Políticas defensivas, como os juros altos e a contração do investimento, podem desviar o país da rota da felicidade

DARRIN M. McMahon, no livro "Felicidade, uma História", observa que a visão antiga da felicidade estava associada à sorte e ao destino. Esse ideal fatalista inspirou, por exemplo, a poesia épica de Homero, para quem só os deuses poderiam ser bem-aventurados e os seres humanos seriam essencialmente tristes e agonizantes. A mesma perspectiva compõe histórias da mitologia grega e do Egito antigo.
Séculos depois, William Shakespeare também expôs a fatalidade dos acontecimentos. Podia-se, no máximo, torcer pela felicidade, sem escapar do fato de que acontecerá o que tiver de acontecer.
No Iluminismo do século 18, começou a prevalecer a idéia de que o ser humano tem direito à busca da felicidade. No século 20, essa idéia foi ainda mais longe e passou a imperar o juízo de que a felicidade, mais do que um direito, é uma obrigação do ser humano.
Nos dias atuais, a obrigação virou quase obsessão, a ponto de se tentar medir o índice de felicidade dos países. Uma pesquisa divulgada pela Fundação Getulio Vargas, feita em 132 países com base em dados do Gallup World Pool, mostrou que o índice de felicidade do brasileiro é maior do que a sua renda permitiria.
Os brasileiros estão em 22º lugar entre os mais felizes, embora apenas em 52º lugar entre os mais ricos (renda per capita).
A filosofia popular diz que o dinheiro não traz felicidade. De fato, esse resultado indica que, a despeito dos problemas e da baixa renda, os brasileiros são mais felizes do que outros povos com maior nível de riqueza. Isso só pode se explicar em razão das expectativas atuais do brasileiro. A própria pesquisa traz luz para corroborar essa explicação, ao revelar que o Brasil é o primeiro colocado no ranking de 132 países quando se trata da felicidade futura (próximos cinco anos).
Em plena Semana da Pátria, essa pesquisa desvendou uma transformação importante. Poucos anos atrás, a maioria dos brasileiros era totalmente descrente a respeito do futuro do país. Agora, não. Entre a população jovem, de 15 a 29 anos, o Brasil é o primeiro colocado em matéria de expectativa de felicidade, com nota de 9,29 numa escala de 1 a 10. Quem diria! Na década passada, cunhou-se um slogan com a idéia de que o melhor caminho para a felicidade do jovem brasileiro era o do aeroporto.
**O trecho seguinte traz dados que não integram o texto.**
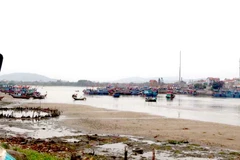 Tình trạng bồi lắng tại cửa lạch rất nghiêm trọng. (Ảnh: Khiếu Tư/TTXVN)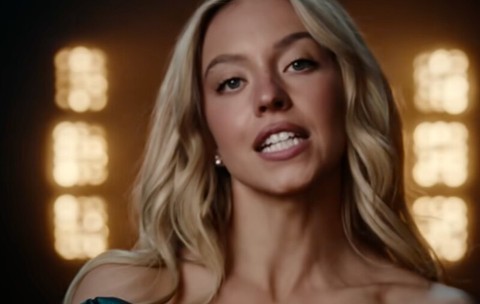  „O palmă dată sportivelor”. Reacții după pozele în care actrița Sydney Sweeney a apărut în ipostaze provocatoare 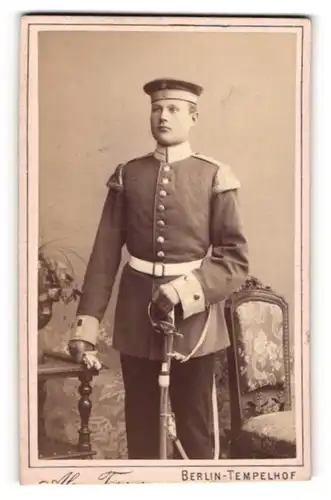 Fotografie Alex Tepper, Berlin-Tempelhof, Soldat in Garde Musiker Uniform mit Säbel und Schwalbennest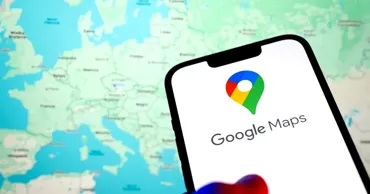 Google Maps schimbă navigația: Hărțile 3D ajung pe telefon, Android Auto și CarPlay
Por que se deu essa reviravolta? A resposta tem muito a ver com a auto-estima. O crescimento econômico dos últimos anos não trouxe apenas emprego e renda. Trouxe também a sensação de segurança indispensável para que a população recupere sua confiança na pátria. Nada de excepcional ocorreu no país além da expansão do emprego e da renda.
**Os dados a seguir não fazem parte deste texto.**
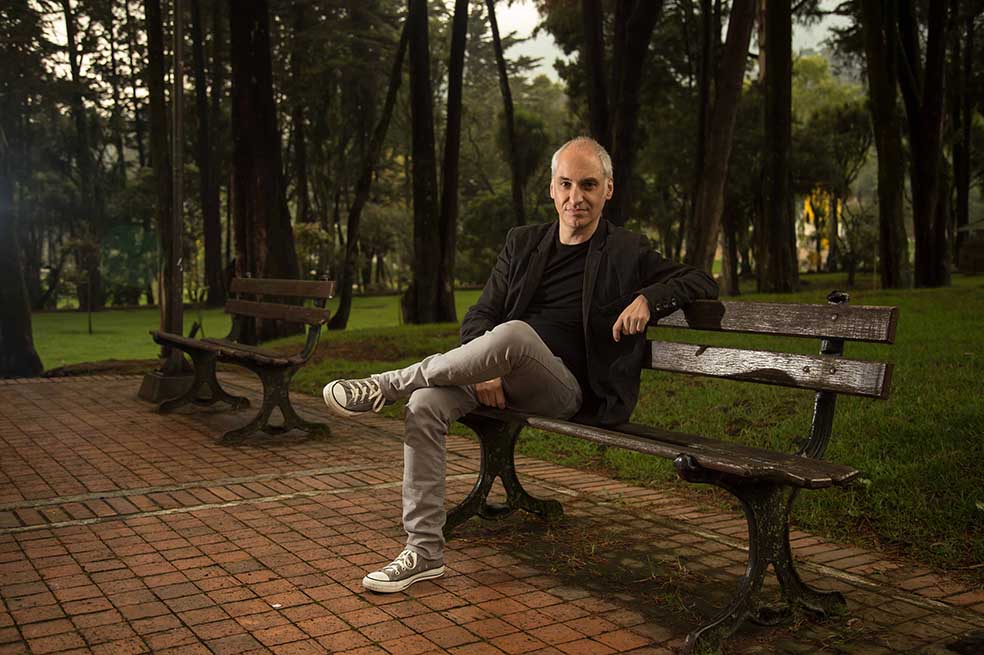 Mauricio Bonnett, quien vive en Londres, ha publicado tres novelas: “La mujer en el umbral”, “El triunfo de la muerte” y “Cinco versiones de Adriano”. Penguin Random House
Nem mesmo essa expansão atingiu nível extraordinário. O tempo médio para conseguir um novo emprego em São Paulo, por exemplo, ainda é superior a 40 semanas, segundo a Fundação Seade e o Dieese.
Estamos, portanto, longe do objetivo, mas no caminho certo. Para a felicidade geral da nação, essa tendência de crescimento do emprego e da renda tem de continuar. Será imperdoável se viermos a desperdiçar o atual momento por excesso de conservadorismo e medo.
Políticas exageradamente ortodoxas e defensivas, como os juros exorbitantes, que podem ser elevados ainda mais amanhã, e a contração do investimento público, podem desviar o país da rota do bem-estar e da felicidade. Para ser feliz não é preciso viver num utópico paraíso. Basta ter a percepção de que há um caminho aberto para chegar até lá.


BENJAMIN STEINBRUCH , 54, empresário, é diretor-presidente da Companhia Siderúrgica Nacional, presidente do conselho de administração da empresa e primeiro vice-presidente da Fiesp (Federação das Indústrias do Estado de São Paulo).